- TASK TO COMPLETE
The answer must give back every line of the data exactly, with no pictures.

- DATASET SECTION
☆ ☆ ☆
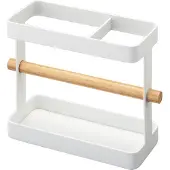 Yamazaki Porte-ustensiles de cuisine Porte-couverts métal blanc avec bois 03154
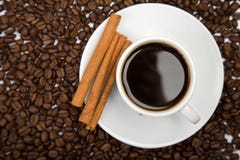 Cup Of Coffee And Coffee Beans Royalty Free Stock Photo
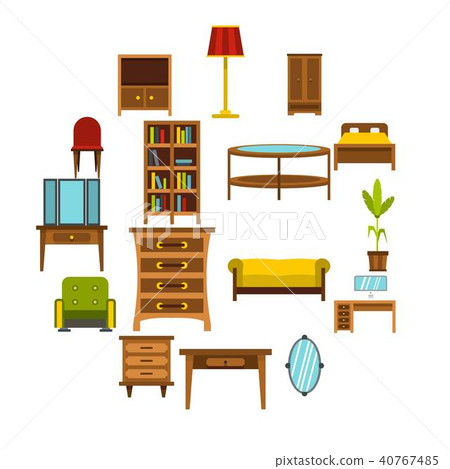 Furniture icons set, flat style Furniture icons set, flat style 40767485
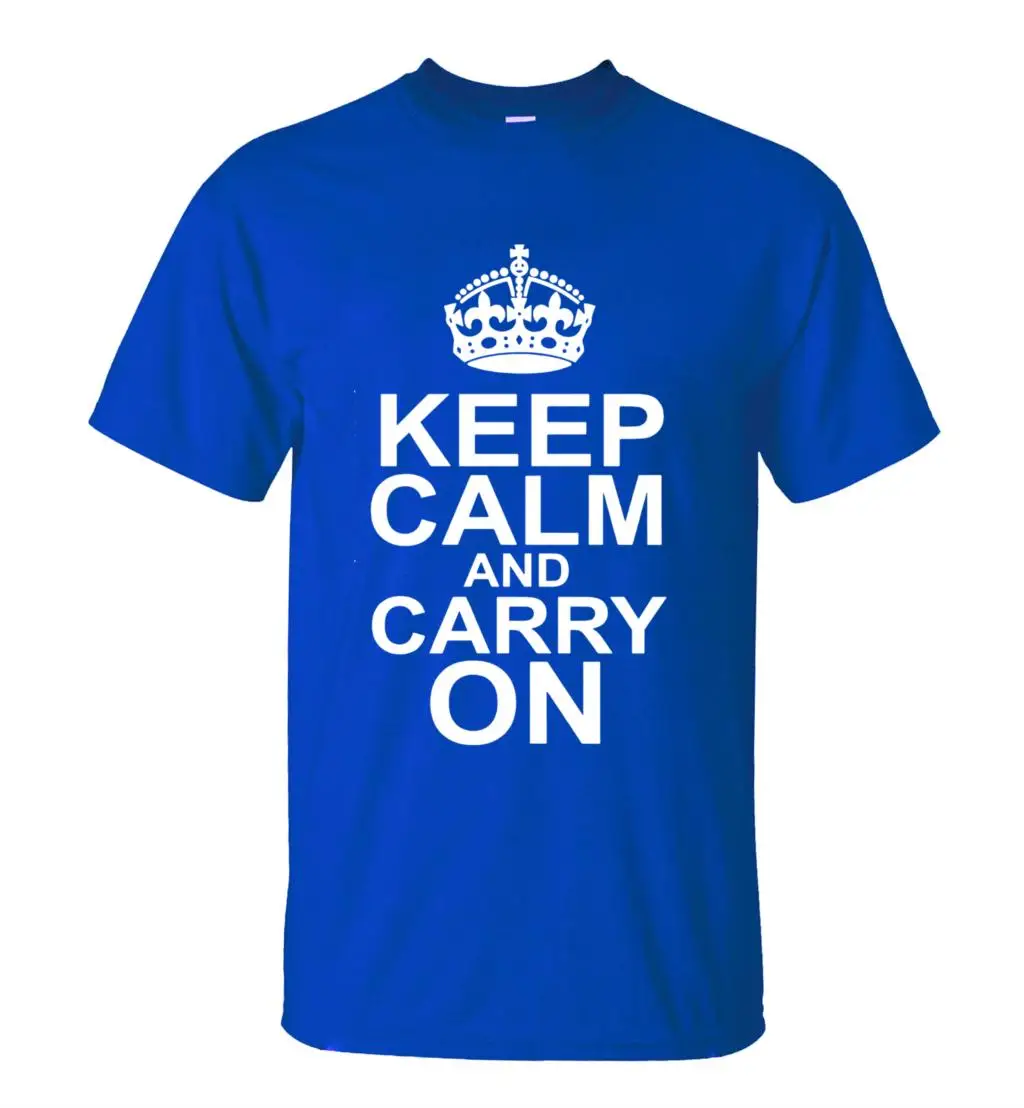 T Shirt Keep Calm And Carry On Tshirt Letters Printed Men Shirts Summer Black White Cotton Tee T-Shirt Mens Tops Tees Tshirts | Мужская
☆ ☆ ☆
- PROBLEM SOLUTION
 Yamazaki Porte-ustensiles de cuisine Porte-couverts métal blanc avec bois 03154
 Cup Of Coffee And Coffee Beans Royalty Free Stock Photo
 Furniture icons set, flat style Furniture icons set, flat style 40767485
 T Shirt Keep Calm And Carry On Tshirt Letters Printed Men Shirts Summer Black White Cotton Tee T-Shirt Mens Tops Tees Tshirts | Мужская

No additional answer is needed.